# Trial advice please!



## mpowling (Feb 27, 2013)

Hey guys, 
I'm a first year apprentice chef, over here in Australia I believe our system may be different to the US, in that we study our culinary course one day a week and work full time as an apprentice at the same time. 

Anyway, due to circumstances beyond my control, I was left without a job 3 months into my apprenticeship. I've just been called by a restaurant I applied at and offered a trial in 3 days time. As this will be my first trial for a new job, I'm a little nervous and unsure what the chef will expect from me and also what he would be looking for from someone with only 3 months experience under their belt 

Any tips or insight is very much appreciated!

Cheers


----------



## kingfarvito (May 7, 2012)

work hard, fast, and clean. Constantly show improvement, and you should be fine.


----------



## mpowling (Feb 27, 2013)

Cheers mate, working fast and clean are my biggest issues at the moment, but I'm constantly trying to focus on improving them as I do recognise them as my weaknesses 

Thanks for your input


----------



## nathan kreider (Jul 13, 2012)

I was an apprentice in two restaurants, but left due to my body not being able to handle West Australian chef's standards.

Seeing as you have no experience in an actual kitchen, he will most likely not expect much of you, besides basic knowledge of knives and food.

Always ask questions, don't be stupid though. If you ask how to do something, remember it. Never ask twice.

Practise cuts, working clean and efficiently.

Read books, and make sure you are willing to taste/eat all of the food on the menu.

Be on time, and be willing to work long hours. I used to work anywhere up to 15 hour days (with a girlfriend and 2 year old son at home).

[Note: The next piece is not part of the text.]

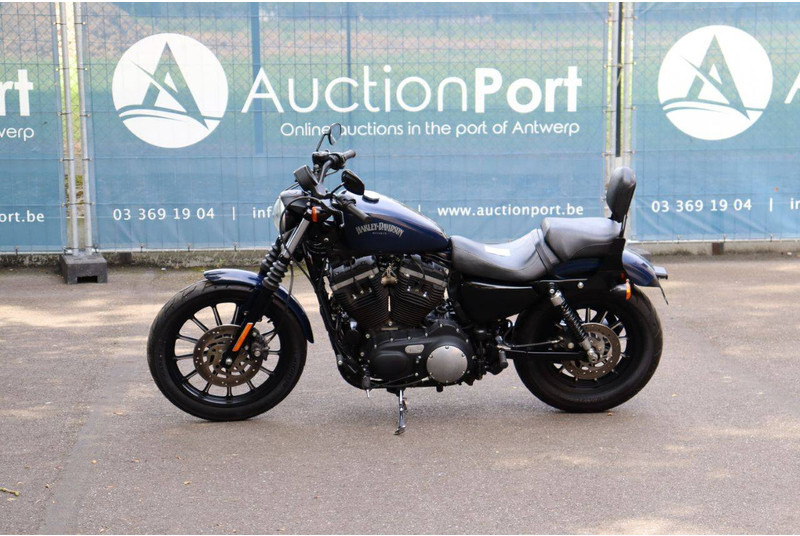 Harley-Davidson Sportster XL883 Iron - Μοτοσικλέτα: φωτογραφία 1 Harley-Davidson Sportster XL883 Iron - Μοτοσικλέτα: φωτογραφία 1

And one last thing, one thing I noticed with the chefs I worked under, (s)he will be chummy at first. Lenient, and just friendly like a drunk guy at the bar. But after about a month, or a few mistakes, that will change. You will get hit hard, and most chefs are merciless with breaking you down.


----------



## mpowling (Feb 27, 2013)

Yeah when I started my apprenticeship, the chef was the nicest guy. Over time he changed for sure. But this was coming into Christmas as well so obviously stress was mounting too

I was working at a hotel and the longest days I had were about 12-13 hrs

I had no trouble with the hours, although I do have a 4 month old, in fact that was probably the hardest part, especially since my missus is from NSW and didn't have much family support here at all really


----------



## paulie (Feb 27, 2013)

He won't expect too much, relax, most mistakes are made due to nerves, bring a notepad and pen write things down even the things you think you will remember cause you won't , have a set tray with your hot and soapy a bin a buter one half fill with water and five or six spoons a small pallet knife and perler and three nine pans one salt one pepper one with teaspoon, I should have said the butter etc should be in Dixie's all organized in your gastro keep this set every day in the same format and have a bunch of folded cloths near your station, by the way no one else in the whole fucking world calls them Dixie's its just I'm only back from Aus its a funny name most folk call am 6 pans as 6 of them fit in a gastro tray anyway relax have fun don't feel too much pressure there is plenty time for pressure in a few years , think before you ask a question don't tell lies and if you fuck something up tell the sous


----------



## mpowling (Feb 27, 2013)

Thanks a lot for your advice man, I guess I'm just nervous since he's got me in for trial on a Saturday night, which in most places I believe is one of the busiest nights

I like your tip about the notepad, but I have trouble identifying things I should be writing down. Any suggestions? Sorry if its a silly question :\ but one thing I've learnt is to ask when you don't know something


----------



## damon otan (Feb 25, 2013)

noteppad , tools, clean, uniform, pen and eager to learn is all a 1st year should need to proceed!  as for the cleanliness issue keep a teatowel on you at all times .your gonna make a little mess its natural! JUST CLEAN IT UP!!! always listen to the chef your assigned!!  dont stress keep ya plates clean!!


----------



## damon otan (Feb 25, 2013)

oh and as for the family thing you wil usually do splits in this industry for the first five years even more! best if ya can spend time on your break with ya bub and misso and then nights after work  with misso ! and days off be a family man!! i was in your situation but when i took on my first head chef role at a multi-venue outlet, its hard man and you will get tired and she will get stressed all ya can do is be there for her and ya bu mate!!


----------



## mpowling (Feb 27, 2013)

Thanks a lot for your advice mate! I'm just gonna go in there and not try to be better than I am I think :\ instead just try to GET better than I am, if that makes sense


----------



## nathan kreider (Jul 13, 2012)

Damon is right. If I got a break (when I did it was like 4 hours) I would be with my girlfriend and son otherwise I wouldn't see him at all.
One last thing is don't expect smoke breaks (if you do) unless your head chef.smokes. I.was lucky to get one in a full day.


----------



## mpowling (Feb 27, 2013)

Thanks for all the advice guys, I got the job!


----------